Please explain the academic credit system and the methodology used to allocate credits to the different course units followed by your students abroad. In addition, please provide the direct web link where the methodology is explained:
ECTS credit allocation at the Norwegian Academy of Music (NAM) is based on a full-time student’s workload corresponding to minimum 1620 hours per academic year. This in turn generates 60 ECTS if all courses and practice are successfully completed and other program requirements are fulfilled.
This workload corresponds with current Norwegian guidelines and practice in the field of higher education. The student workload (number of learning hours per academic year) includes lectures and other forms of teaching, tutoring sessions, seminars and group work, field work, project work, library work, practice and the student’s own independent work, related to the curriculum and the required or recommended amount of repertoire.
More specifically, the 1620 hour student workload is based on 40 hours a week for a period of 40 weeks per academic year in order to ensure the achievement of expected learning outcomes.
Please explain if all courses taught at your institution are described in the Course Catalogue and in which languages.
In addition, please provide the direct web link to your Course Catalogue:
The electronic course catalogue is at the moment only in Norwegian due to development and revision. Translation will start during the autumn term in the academic year 2013/14. Master programs and the 3rd and 4th year in most of the Bachelor programs can be carried out in English. Electives offered at NAM change each year. Degree and credit students are informed about electives taught in English before study starts, making it possible to choose the necessary credits for a full time study. A course catalogue over electives taught in English can be found on:
Please describe the institutional procedure for the approval and monitoring of inter-institutional agreements for study and teaching mobility and/or learning agreements in case of traineeships (work placements).

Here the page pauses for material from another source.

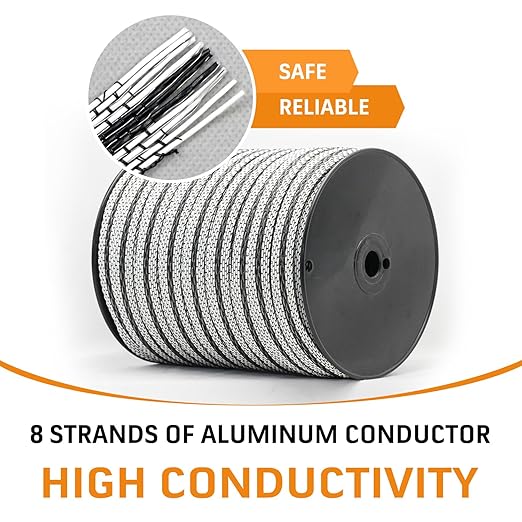 Electric Fence Poly Tape, Heavy-Duty Sure Shock PVC, Electric Fence for Livestock, 500ft(152m), 1 Inch, White and Black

Bilateral collaboration is evaluated by relevant faculties and the Principal’s Advisory Board. NAM approaches, through the Rector, relevant institutions with the aim of establishing collaboration. The Rector signs all new agreements. Forms developed by AEC are used within higher music education. Teacher mobility is used as a tool for monitoring inter-institutional agreements and reports after teacher mobility activities are evaluated. Feed-back from students after exchanges provide vital information concerning prolonged collaboration. The international coordinator makes monitoring visits to partner institutions during the year to evaluate the quality of the collaboration. Conferences within higher music education are used as meeting venues for discussions on collaboration. NAM’s Academic Board annually evaluates reports on international collaboration and student mobility. Learning agreements are signed before study mobility takes place. Teacher contracts are signed before teacher mobility takes place.
Please describe your institution's language policy for preparing participants for mobility, e.g.: course providers within or outside the HEI. If possible, please provide the direct web link for your language policy:
NAM’s library has a large collection of language courses available for the students. If a new institution in a new country is included in the portfolio of collaborating partners, the library will purchase a language course for the students to borrow.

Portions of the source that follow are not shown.